Fluendo AI

Assisted scene calibration for sports analysis

Escrito por:

Izan Leal

24 de Abril de 2024

In the fast-paced world of sports, every moment counts. From pinpointing a flaw in a golf swing to dissecting a crucial play in a soccer match, the ability to analyze video footage has become an indispensable tool for athletes, coaches, and enthusiasts alike. Sports video analysis goes beyond mere observation; it's a strategic approach that harnesses the power of technology to enhance performance, refine strategies, and gain a competitive edge.

This blog post will delve into the challenges and methodologies of sports video analysis, exploring how advancements in technology and innovative techniques are reshaping how we study and understand athletic performance by giving an insight into traditional and cutting-edge sports analysis methodologies.

Traditional vs new sports analysis

In the early times, sports video analysis was based on the meticulous scrutiny of recorded footage by coaches and analysts to reconstruct the movement of the players on the field. This hands-on approach required keen observational skills and a deep understanding of the sport being analyzed. Coaches meticulously reviewed each video frame, pausing and rewinding to identify players, key moments, movements, and strategic decisions, making it a very complex task that took a long time to complete.

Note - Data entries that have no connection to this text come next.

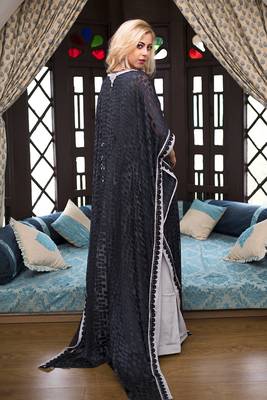 Dark gray hand made designer kaftan 4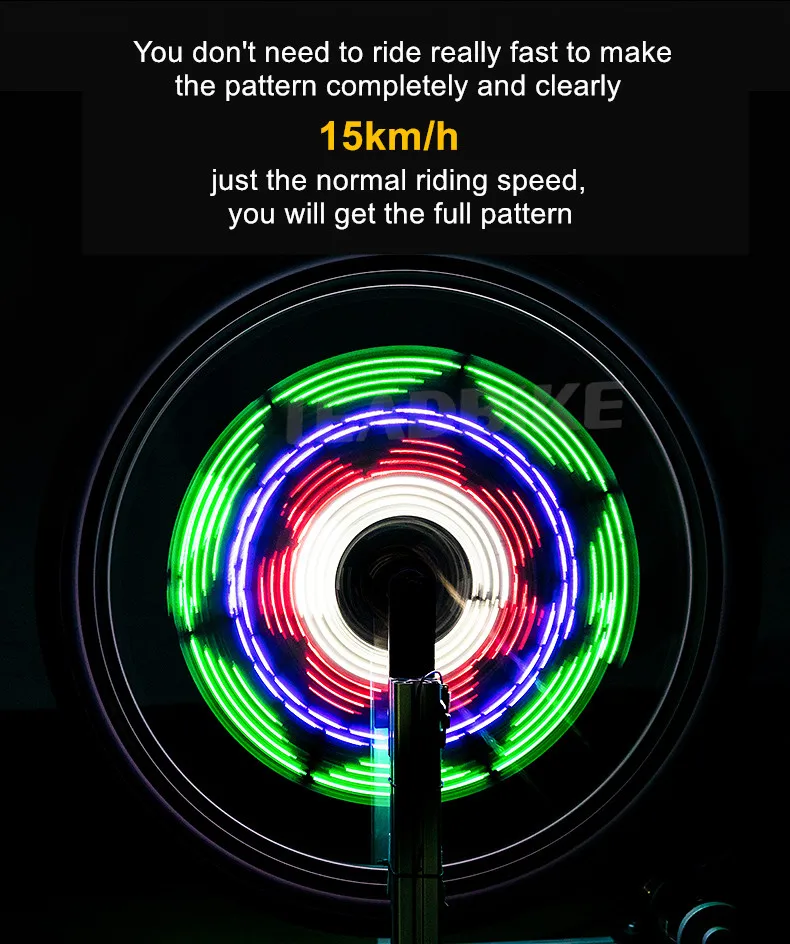 Top Leadbike Bicycle Wheel Light 64 LEDs 30 Patterns Double Side Display Bike Front Tail Light Spoke Light Waterproof Tire Light 3 Top Leadbike Bicycle Wheel Light 64 LEDs 30 Patterns Double Side Display Bike Front Tail Light Spoke Light Waterproof Tire Light 3
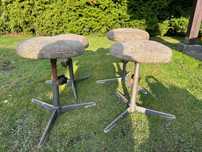 Taboret stołek metalowy PRL vintage stary komplet 4szt.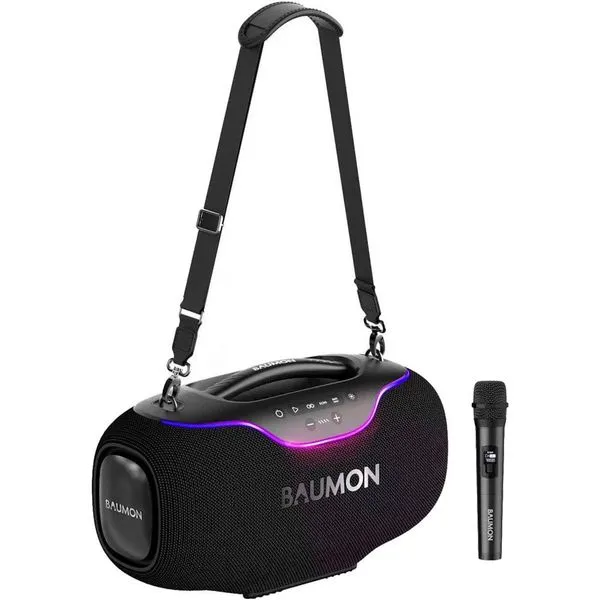 Caixa De Som Bluetooth Baumon Box Com 01 Microfone Preto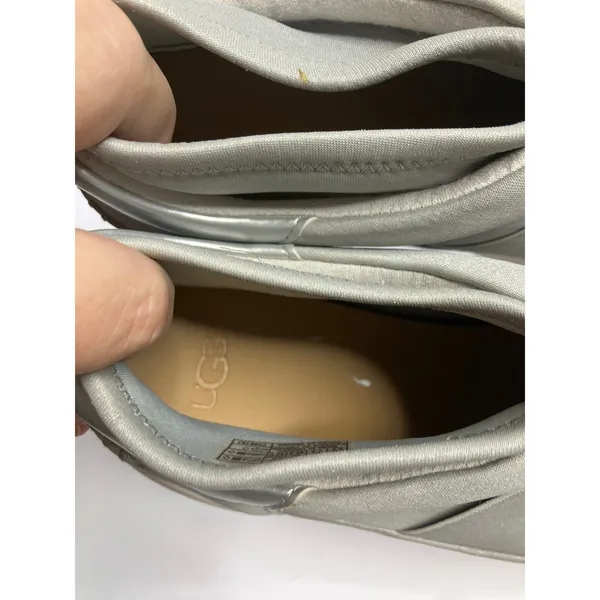 UGG Neutra Metallic Slip-On Sneakers Womens 9.5 Silver Good Branded Gore Strap - Image 6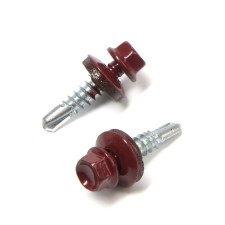 Roofing screws 5.5x25 mm, RAL3005 BORNT color, 200 pcs.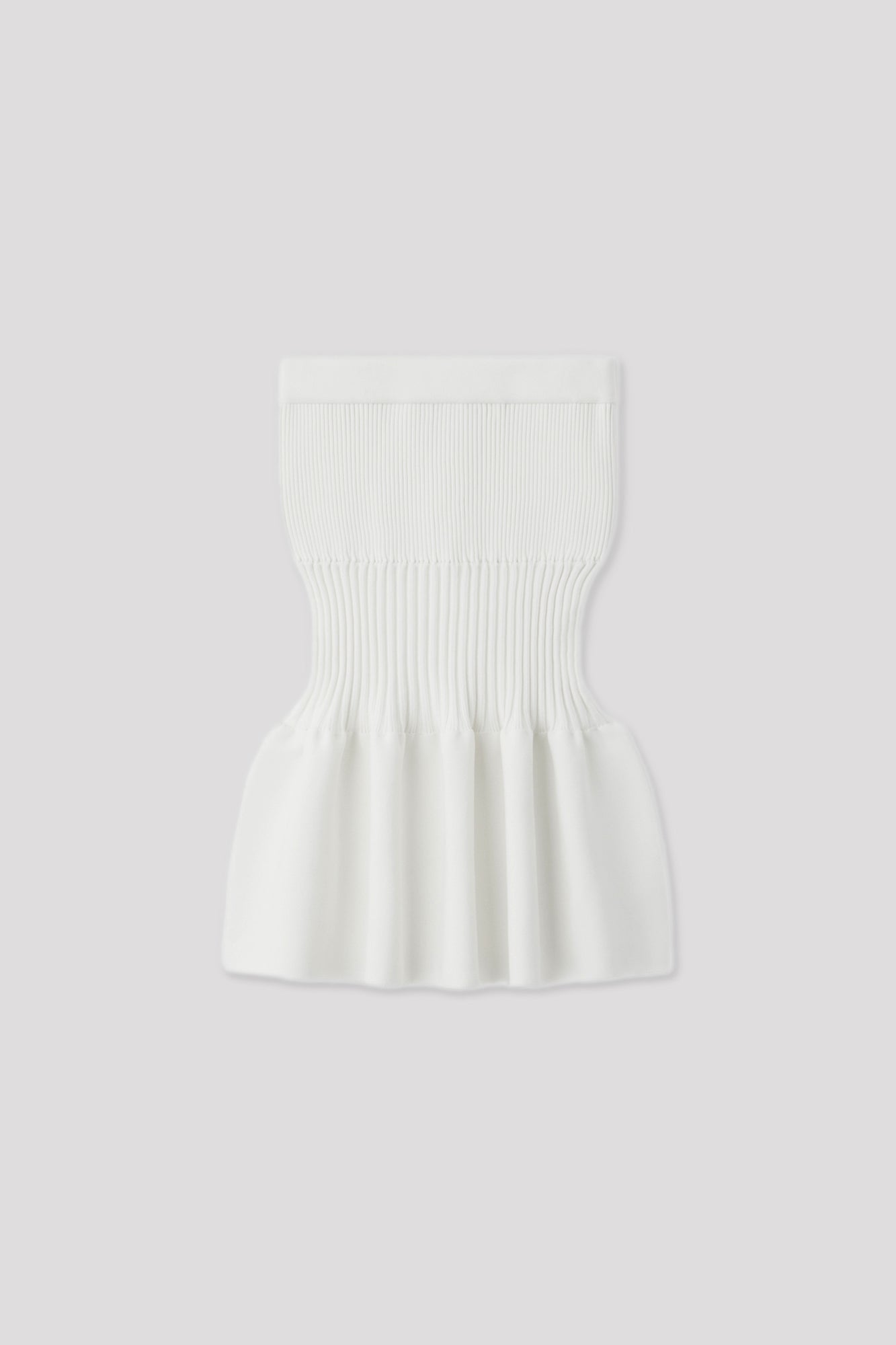 FLUTED MERMAID MIDI SKIRT - WHITE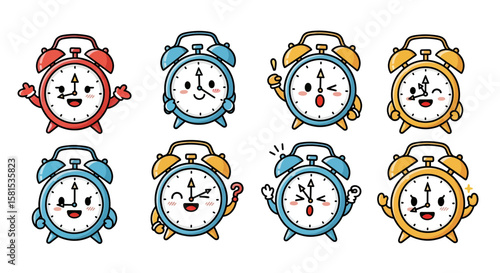 Collection of colorful alarm clocks with expressive faces and various poses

Indeed, as technology progresses, there are now tools capable of automatically detecting players and precisely determining their positions on the field in every frame. As discussed in a previous post, player detection can be accomplished using artificial intelligence models like YOLOv5. Once a player is identified within an image, a reprojection algorithm comes into play, facilitating the conversion from camera pixel coordinates to real-world coordinates. This advancement enables a more accurate and efficient analysis of player movements and interactions within the game environment.

Camera reprojection

Camera reprojection is a fundamental technique in computer vision and photogrammetry that involves projecting 3D points onto a camera's image plane and then back-projecting them into 3D space. This process allows for tasks such as estimating camera pose or reconstructing 3D scenes from 2D images. For the sports video analysis, players' positions will be projected onto a flat field map. However, to ensure accurate reprojection, a well-calibrated camera is essential.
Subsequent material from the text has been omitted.